American college administrator

Edna Amelia Spears Landers (1882 – October 1952) was an American educator and college administrator. She was Dean of Women at Tuskegee Institute from 1919 to 1935.

==Early life and education==
Landers was born in Florida. She graduated from Tuskegee Institute in 1898, and made further studies at Teachers College, Columbia University in 1901 and 1902.
==Career==
Landers taught history and geography at Tuskegee after she graduated from the institute. She also taught at the Tallahassee State Normal and Industrial Institute's summer program. She was Dean of Women at Tuskegee Institute from 1919 to 1935.
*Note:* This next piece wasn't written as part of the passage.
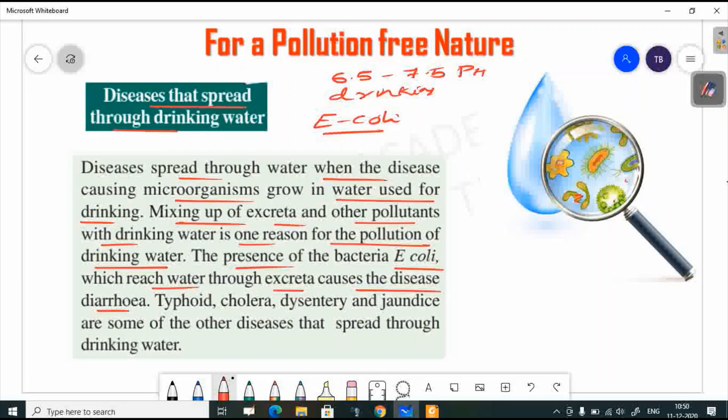Other diseases caused through water are typhoid, cholera, dysentery, and jaundice. These diseases are spread by contaminated water.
Landers traveled in Europe with her niece Leonie Spears Carter, wife of diplomat James Garneth Carter, in 1928. She lived in France for a year in retirement, and in Chicago. She was active in the Chicago YMCA and Tuskegee Club in the 1930s and 1940s. In 1935 she spoke at a commemoration of Booker T. Washington's life. 1944 she spoke at a Chicago banquet of Associated Women Students.

==Publications==
- "Carrying the Gospel of Play to the Rural Community" (1924)

==Personal life==
Spears married dentist Anderson T. Landers in 1908; their daughter died in infancy, and he died in 1917. She married again in 1947, to former Tuskegee commandant William H. Walcott; his first wife was educator Bess Bolden Walcott, who was also long associated with Tuskegee. She died in 1952, in Chicago.